The Edmonton Oilers have spoken to the agent for Evander Kane, general manager Ken Holland said Tuesday.
The forward was placed on unconditional waivers by the San Jose Sharks on Saturday with the intention of terminating his contract.
“Well, I’ve talked to his agent,” Holland said Tuesday. “His agent is Dan Milstein and I know Dan very well because he was Pavel Datsyuk’s agent. And I had lots of dealings with Dan Milstein. So I have talked to Dan Milstein, his agent.”

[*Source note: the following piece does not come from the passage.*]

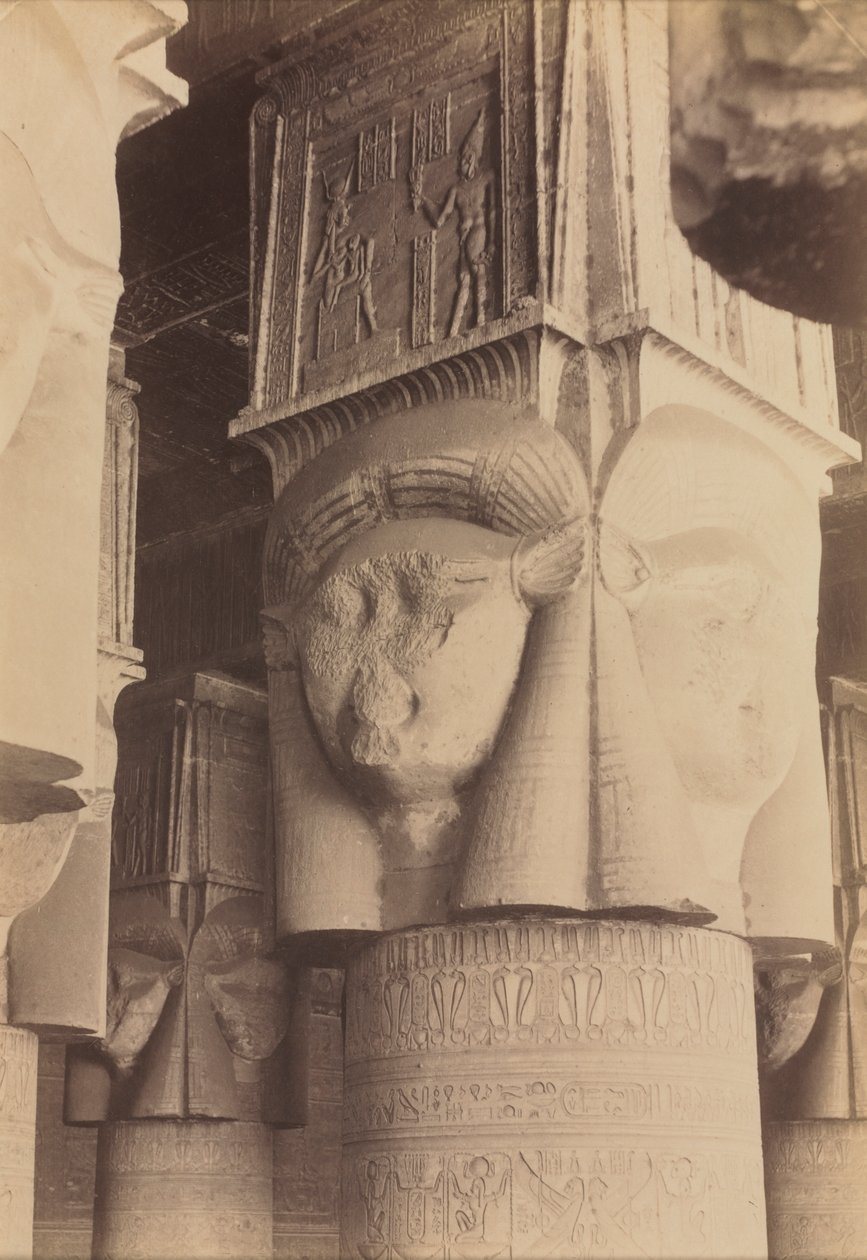 Dendera, A templom belseje, Hathor Capitals, c. 1870-1880. alkotó: Antonio Beato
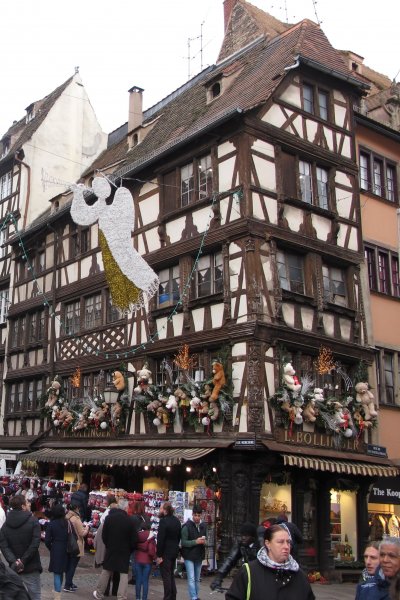 Výzdoba z plyšových macov 2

Holland was general manager of the Detroit Red Wings for 22 seasons, and Datsyuk played his 14-season NHL career for Detroit.
“I would say to you, as a (general) manager it’s my responsibility to investigate every situation, talk to managers. So I have talked to Dan,” Holland said.
The Sharks said in a statement they informed Kane they were terminating his contract “for breach of his NHL standard player contract and for violation of the AHL COVID-19 protocols.”
Kane is in the fourth season of a seven-year contract he signed with the Sharks on May 24, 2018. He has not played for them this season after being suspended by the NHL for 21 games on Oct. 18 for violating NHL COVID-19 protocol.
The 30-year-old cleared waivers and was assigned to San Jose of the American Hockey League on Nov. 29. He scored eight points (two goals, six assists) in five AHL games but has not played since entering AHL COVID-19 protocol Dec. 22.
The NHL Players’ Association said Saturday on Twitter, “We are aware of the San Jose Sharks’ stated intent to terminate Evander Kane’s contract. The NHLPA intends to challenge any such action by filing a grievance.”
That day, Milstein tweeted, “We are aware of the Sharks’ decision to put Evander on waivers for contract termination. If he clears, we will file a grievance. The Sharks do not have sufficient grounds for taking this action.”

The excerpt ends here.